The most economically significant of those agreements so far came in the sphere of electricity generation.
"We are talking about construction of eight to 10 units for thermal power plants, 350 megawatts each, with a combined power output of up to 3 gigawatt," Russian Energy Minister Alexander Novak said in an interview with the Rossia 24 television channel on Wednesday, on the sidelines of a Russian-Iranian business forum in Tehran.
These projects are estimated to be worth $10 billion.
Furthermore, earlier this year the Iranian nuclear power authority said that it had inked a preliminary deal with Russia's state-owned nuclear agency Rosatom to build two more nuclear power stations of the same capacity as the one in Bushehr.
This week, the two countries' governments signed tentative cooperation deals for building alumina and mineral fertilizer plants in Iran, conducting Russian-led geological exploration projects in Iran, and for the import of Russian agricultural products to Iran.
And in May Russia and Iran agreed on a program to train Iranian cosmonauts, who Tehran hopes to send into space at the beginning of the next decade.

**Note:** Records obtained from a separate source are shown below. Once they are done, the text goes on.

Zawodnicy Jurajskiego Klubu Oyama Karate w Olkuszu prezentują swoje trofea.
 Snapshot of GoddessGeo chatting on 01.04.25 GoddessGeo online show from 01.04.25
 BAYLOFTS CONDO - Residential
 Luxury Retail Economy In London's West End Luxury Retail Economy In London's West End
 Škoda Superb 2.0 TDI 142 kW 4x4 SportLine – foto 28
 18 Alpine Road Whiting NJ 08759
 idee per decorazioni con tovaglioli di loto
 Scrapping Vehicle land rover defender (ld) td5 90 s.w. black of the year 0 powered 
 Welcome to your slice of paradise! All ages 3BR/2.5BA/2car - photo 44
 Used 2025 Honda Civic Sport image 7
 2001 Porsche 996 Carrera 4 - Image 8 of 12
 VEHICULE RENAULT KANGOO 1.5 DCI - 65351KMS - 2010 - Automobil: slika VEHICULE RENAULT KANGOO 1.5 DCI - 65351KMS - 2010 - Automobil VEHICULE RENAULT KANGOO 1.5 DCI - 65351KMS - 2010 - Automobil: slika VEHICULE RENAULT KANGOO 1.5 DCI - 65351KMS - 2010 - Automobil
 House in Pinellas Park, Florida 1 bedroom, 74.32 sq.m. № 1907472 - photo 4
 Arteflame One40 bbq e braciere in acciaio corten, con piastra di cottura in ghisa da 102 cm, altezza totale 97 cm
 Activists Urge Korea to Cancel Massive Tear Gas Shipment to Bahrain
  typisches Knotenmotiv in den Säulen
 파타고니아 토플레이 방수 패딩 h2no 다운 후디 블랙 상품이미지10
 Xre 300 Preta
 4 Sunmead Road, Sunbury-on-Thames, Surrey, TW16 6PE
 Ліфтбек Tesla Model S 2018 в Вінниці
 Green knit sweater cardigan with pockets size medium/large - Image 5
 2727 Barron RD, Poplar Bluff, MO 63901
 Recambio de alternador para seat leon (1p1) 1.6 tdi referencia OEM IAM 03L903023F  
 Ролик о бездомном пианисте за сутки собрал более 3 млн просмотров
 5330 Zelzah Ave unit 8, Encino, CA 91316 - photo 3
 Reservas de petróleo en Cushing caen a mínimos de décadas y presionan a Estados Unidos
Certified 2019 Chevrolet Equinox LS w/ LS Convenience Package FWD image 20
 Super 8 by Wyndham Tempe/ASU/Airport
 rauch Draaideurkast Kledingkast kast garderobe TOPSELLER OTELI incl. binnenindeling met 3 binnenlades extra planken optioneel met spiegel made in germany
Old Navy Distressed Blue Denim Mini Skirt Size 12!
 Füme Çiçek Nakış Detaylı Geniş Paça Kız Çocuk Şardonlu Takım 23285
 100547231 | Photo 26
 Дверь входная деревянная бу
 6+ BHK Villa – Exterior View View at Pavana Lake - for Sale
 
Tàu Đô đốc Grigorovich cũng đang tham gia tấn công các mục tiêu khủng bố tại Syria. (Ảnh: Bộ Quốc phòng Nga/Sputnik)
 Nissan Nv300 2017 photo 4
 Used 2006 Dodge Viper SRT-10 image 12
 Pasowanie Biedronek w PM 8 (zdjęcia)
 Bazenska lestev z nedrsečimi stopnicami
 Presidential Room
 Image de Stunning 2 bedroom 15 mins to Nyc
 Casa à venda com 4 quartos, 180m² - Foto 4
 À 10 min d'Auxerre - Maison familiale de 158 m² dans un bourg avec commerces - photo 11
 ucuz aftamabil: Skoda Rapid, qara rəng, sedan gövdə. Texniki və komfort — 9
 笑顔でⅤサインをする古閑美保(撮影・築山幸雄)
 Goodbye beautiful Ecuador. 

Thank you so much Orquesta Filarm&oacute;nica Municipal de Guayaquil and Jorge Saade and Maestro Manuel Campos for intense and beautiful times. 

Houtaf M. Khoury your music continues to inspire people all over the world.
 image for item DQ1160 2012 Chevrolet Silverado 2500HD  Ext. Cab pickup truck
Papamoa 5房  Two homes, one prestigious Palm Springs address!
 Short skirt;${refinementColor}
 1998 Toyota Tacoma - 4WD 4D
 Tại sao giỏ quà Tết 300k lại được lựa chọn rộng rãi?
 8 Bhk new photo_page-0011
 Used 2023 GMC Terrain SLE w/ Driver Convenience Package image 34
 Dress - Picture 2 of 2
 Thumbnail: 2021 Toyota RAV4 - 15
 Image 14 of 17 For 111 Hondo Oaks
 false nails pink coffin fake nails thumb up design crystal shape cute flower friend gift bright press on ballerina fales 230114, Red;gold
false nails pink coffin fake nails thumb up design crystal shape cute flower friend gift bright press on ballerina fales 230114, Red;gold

"Although Russia has much to offer in the areas mentioned above, Iran needs large investment and advanced technology, which the country will seek in the West," Sazhin said, adding that Iranian businessmen are more inclined to turn to Western ways of living and doing business.
"But one would be wrong to think that Tehran will be a faithful ally for Europe, the U.S. or Russia. Business is business and Iran chooses partners based on the benefits it can get from them," Sazhin concluded.
Looking Both Ways
While selling oil is essential for Iran's economy, Tehran's own proposal to the international community was to add its vast gas reserves to the hydrocarbons trade, which will require substantial investment from its partners.
According to the BP Statistical Review of World Energy for 2014, Iran's proven natural gas reserves stand at 33.8 trillion cubic meters, compared to Russia's 31.3 trillion cubic meters. Iran is the world's third-biggest natural gas producer after the U.S. and Russia. Most of its production goes to satisfy its own needs — as the case is with U.S. — but it is ready to provide an alternative supply for Europe.
"The European countries are negotiating with us and testing the conditions in a bid to have an alternative gas supplier," Hamid Reza Araqi, managing director of the National Iranian Gas Company, told Iran's FNA news agency in August.
In July, Iranian Deputy Oil Minister Ali Majedi said his agency has large-scale programs underway to export natural gas to Europe.
He added that Europeans have shown a serious interest in importing Iran's gas to reduce their dependence on Russian gas.